Skip to content

Progressively load releases on the Releases page

Nathan Friend requested to merge nfriend-progressively-load-releases into master

What does this MR do?

Updates the Releases page to progressively load releases, in order to improve this page's perceived performance and its LCP metric.

Previously, the page would make a request for all ten releases on the page, and show a loading indicator until the request completed.

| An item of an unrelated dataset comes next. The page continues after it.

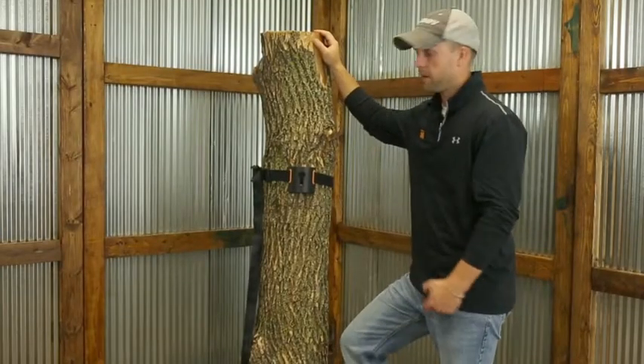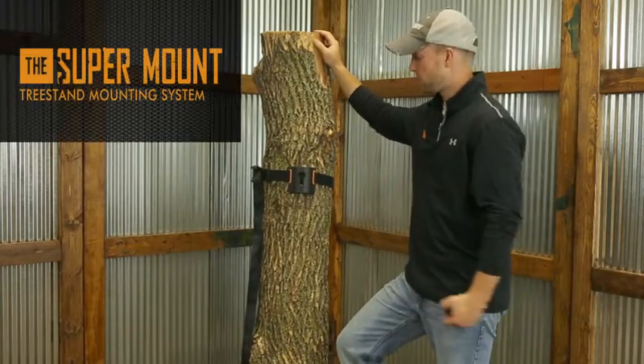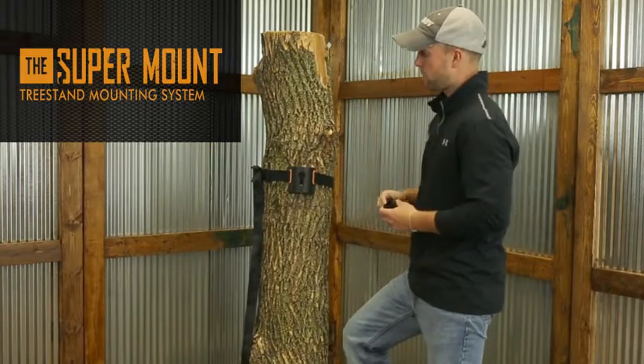Hey guys, Mike Valliere here over at Muddy with the Super Mount System. For those of you that haven't seen the Super Mount System, it's basically a plate and almost a key-like system.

Now, the page sends two requests:

  • 1 request for the release #1
  • 1 request for releases #1-10

The request for the single releases returns much faster, which allows the page to show a single result much more quickly. When the remaining releases finish loading, they are inserted into the page after the first.

Other user-facing changes

This MR makes one other user-facing change. Previously, if the project contained between 1 and 10 releases, the pagination controls at the bottom of the page would be hidden. Now, the pagination buttons are shown, but both buttons are disabled.

Why?

I just like this better 🤷 It felt weird to fully hide the controls as we were doing before. It also simplified the implementation and tests.

Screenshots/GIFs

Before

Average LCP1: 4905 ms

2021-06-08_15.15.49

After

Average LCP1: 3469 ms ≈ 30% improvement in perceived performance

2021-06-08_15.08.59

1How I measured LCP: In my local GDK, I created 10 releases with the content of the first 10 GitLab releases. I loaded the Releases page in Google Chrome 5 times and averaged the reported LCP times. This is not very scientific - and my local GDK performs very differently than GitLab.com - but hopefully this gives a general idea of the performance impact. This will need to be tested on GitLab.com to understand its real impact.

Next steps

The query that makes the request for the single item (or maybe even both queries?) can be converted to be a startup query, which should allow these requests to be made even earlier in the page lifecycle.